WHAT TO PRODUCE>
Return the lines that run from the line containing "Pengamen viral Malioboro" through the end of the entries, both ends included. Leave out all pictures.

(ENTRIES PROVIDED begins)

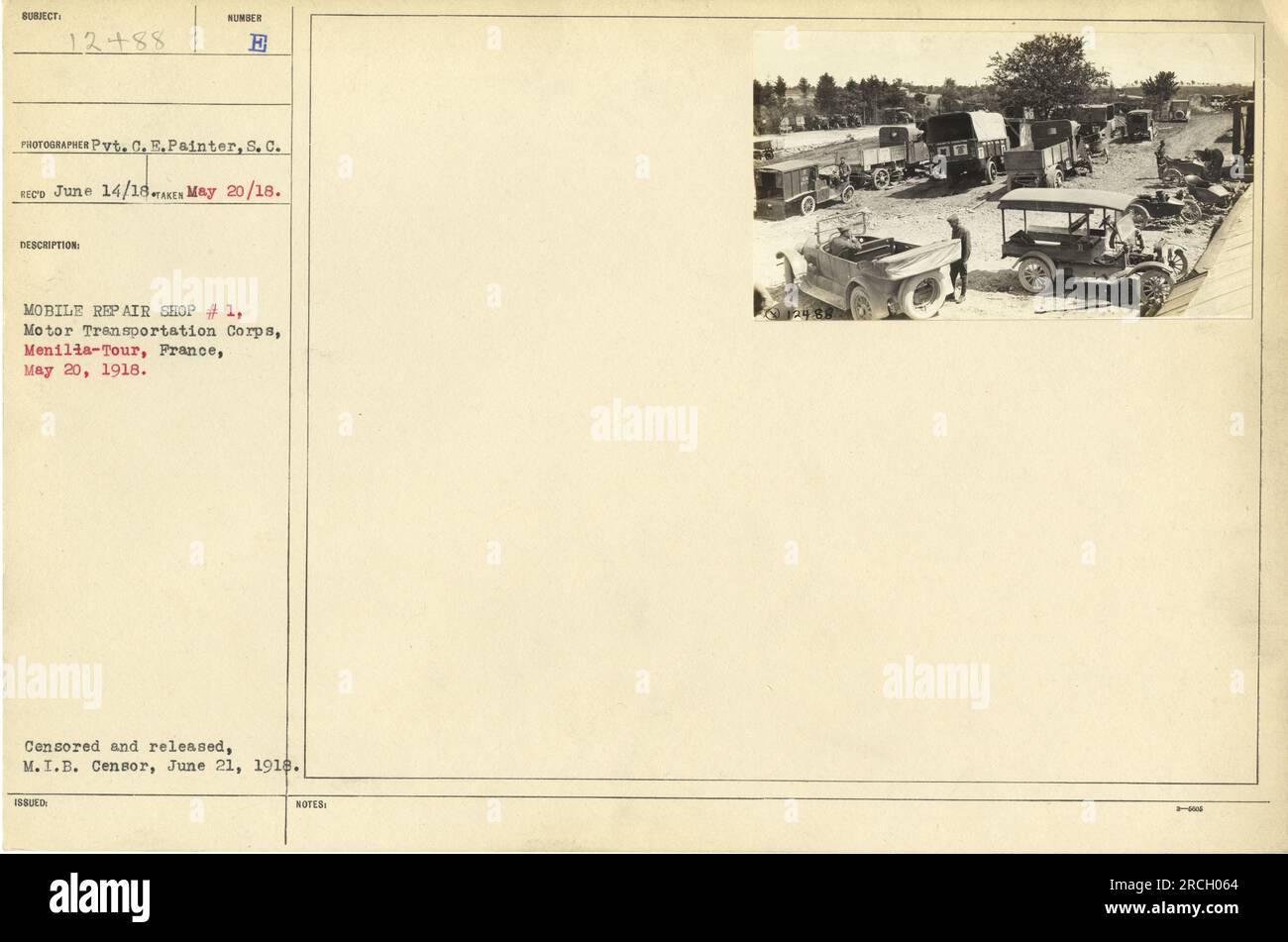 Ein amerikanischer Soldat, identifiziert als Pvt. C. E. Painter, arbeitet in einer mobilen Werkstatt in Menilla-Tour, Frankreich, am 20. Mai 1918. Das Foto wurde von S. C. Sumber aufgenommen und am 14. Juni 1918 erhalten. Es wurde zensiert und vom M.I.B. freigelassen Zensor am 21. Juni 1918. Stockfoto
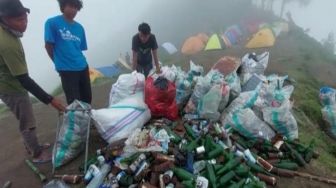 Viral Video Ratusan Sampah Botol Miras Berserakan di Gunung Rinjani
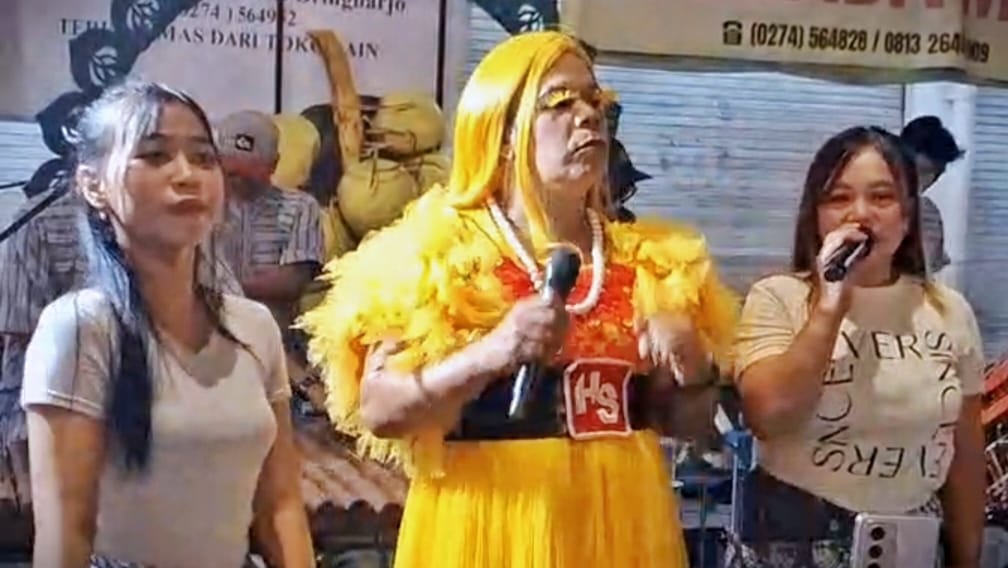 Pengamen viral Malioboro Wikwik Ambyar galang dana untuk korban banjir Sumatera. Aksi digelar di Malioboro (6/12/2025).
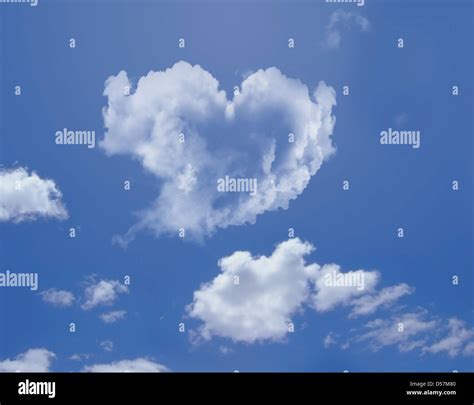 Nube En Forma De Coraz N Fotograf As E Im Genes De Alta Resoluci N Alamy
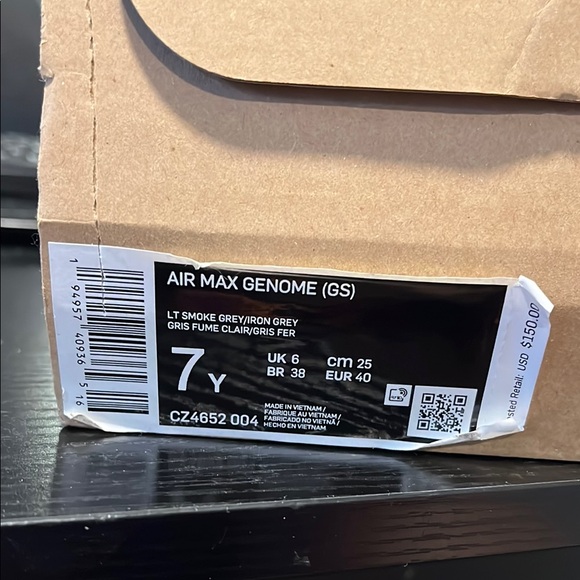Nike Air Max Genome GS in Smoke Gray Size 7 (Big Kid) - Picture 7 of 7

(ENTRIES PROVIDED ends)

TASK OUTPUT>
 Pengamen viral Malioboro Wikwik Ambyar galang dana untuk korban banjir Sumatera. Aksi digelar di Malioboro (6/12/2025).
 Nube En Forma De Coraz N Fotograf As E Im Genes De Alta Resoluci N Alamy
Nike Air Max Genome GS in Smoke Gray Size 7 (Big Kid) - Picture 7 of 7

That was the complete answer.